Re: WOFF and extended metadata

On Mon, 2010-06-21 at 21:03 +0100, Laurence Penney wrote:

> For the sake of a guaranteed, predictably simple document structure.

Since there's already hierarchy, dealing with hierarchy isn't the issue.
Encoding strings with < and > does not simplify - it merely moves
the complexity from people who write specifications and software down
to document authors who are often much less experienced. 

> One danger: What if the included unencoded XML uses elements already  
> used in the metadata? Some clients would barf on the unexpected  
> attributes and content of those elements.
Then they need to be fixed, if such clients actually exist.

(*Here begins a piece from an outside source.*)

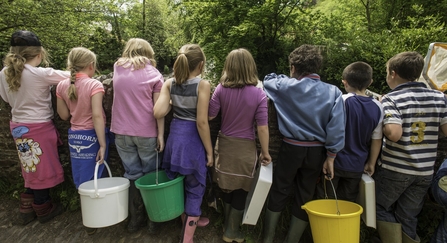A group of children, with their backs to the camera, standing on a bridge by Ross Hoddinott/2020VISION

What about clients that crash if there is a "w" in a value name? You
don't ban "w", you fix the clients.

A plausible compromise might be to restrict general values to XHTML
markup (which includes Ruby and right-to-left bidi overrides I think)
and to leave vendor or application-specific extensions to another place.

But if a user agent doesn't know how to render it, it needn't.

Anyway, my goal in this thread is just to make sure the needs of
internationalization and accessibility are met.  Crazy stuff like
encoding markup, or like having values that can't contain bidi or ruby
markup, or that can't easily be processed by text readers, will, as
Chris has said, come back to bite us later.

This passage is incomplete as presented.